At the SB meeting on 5/15/23, Ms. Ellison told the board that individual ConCom members cannot act on behalf of the commission without getting authority from the board for that particular item.
“Board members cannot speak on behalf of membership,” said Ms. Ellison.
ConCom members should not be “patrolling” looking for violations.
“Municipal officers do not have the authority to conduct warrantless, non-emergency searches of private property without permission from the owner,” writes Ms. White.
Commission members need to have an administrative warrant or the permission of the owner, to enter the property. This also includes drone surveillance.
Ms. White makes it clear that the Town Administrator has the authority to establish procedures for the administrative matters in the Conservation Department, including guidelines for the preparation and content of minutes and packets.
One issue was that the administrative assistant was being asked to transcribe minutes because, Ms. Ellison said, “one member felt every single detail needed to be in the minutes.”
Ms. Ellison said the AA was spending 3/4 of her time just preparing minutes, and it was not necessary. Mass. state law is very specific that a summary is sufficient.
Ms. Ellison also pointed out that all meetings are recording and available online. If anyone needs that kind of detail, they can watch the meeting.
ConCom cannot rescind administrative approvals simply because a member wants to review it.
“No action should be taken that is inconsistent with a previously granted administrative approval without prior consultation with Town Counsel,” writes Ms. White.

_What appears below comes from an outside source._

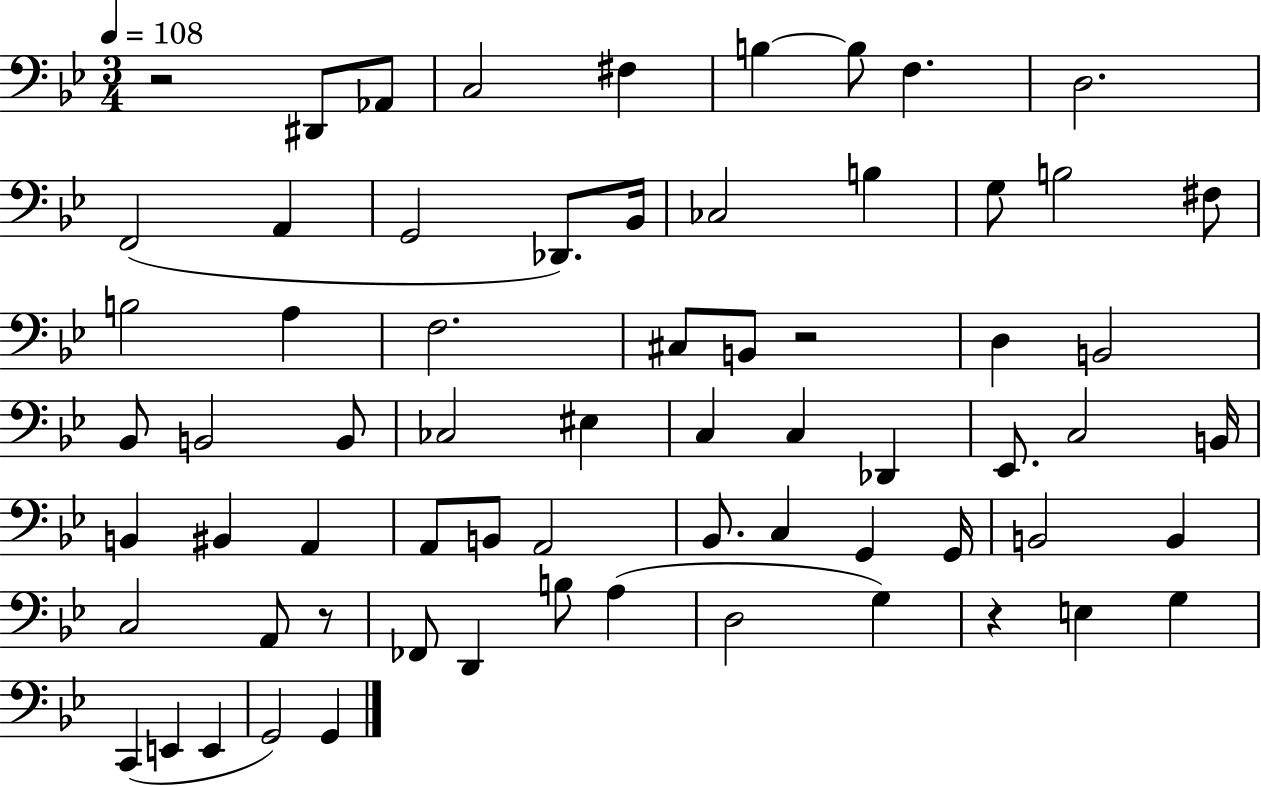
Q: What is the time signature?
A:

Ms. Ellison also told the board that the ConCom is routinely using consultants for peer review for all petitions. She said that process needs to adhere to the procurement law.
The full report is on town’s website under Select Board packets for 5/15/23.

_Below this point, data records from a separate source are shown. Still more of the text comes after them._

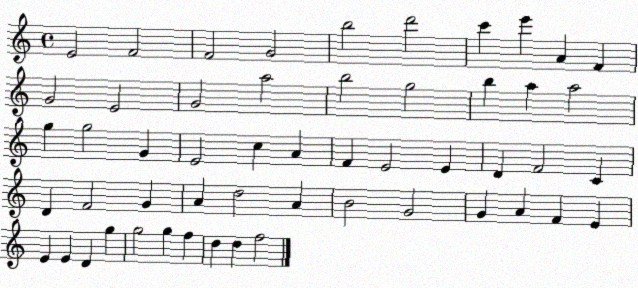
X:1
T:Untitled
M:4/4
L:1/4
K:C
E2 F2 F2 G2 b2 d'2 c' e' A F G2 E2 G2 a2 b2 g2 b a a2 g g2 G E2 c A F E2 E D F2 C D F2 G A d2 A B2 G2 G A F E E E D g g2 g f d d f2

The board also heard from public works superintendent Vinnie Furtado for an update on the water flushing program.
Mr. Furtado said the water treatment plant is located in Mattapoisett and operated by the Mattapoisett River Water District, which includes Fairhaven, Marion, Mattapoisett and Rochester. The plant is scheduled for a major upgrade, but that will take time.
Meanwhile the town is embarking on an aggressive water flushing program called “unidirectional flushing.”
Typically, the town would open up a few hydrants and let them flow until clear. The current program is more aggressive.
“This is a very systematic approach,” said Mr. Furtado.
They pick up where they left off the day before and keep pushing the water in the same direction. It moves the sediment out of the pipes, which causes discoloration of the water going into people’s homes.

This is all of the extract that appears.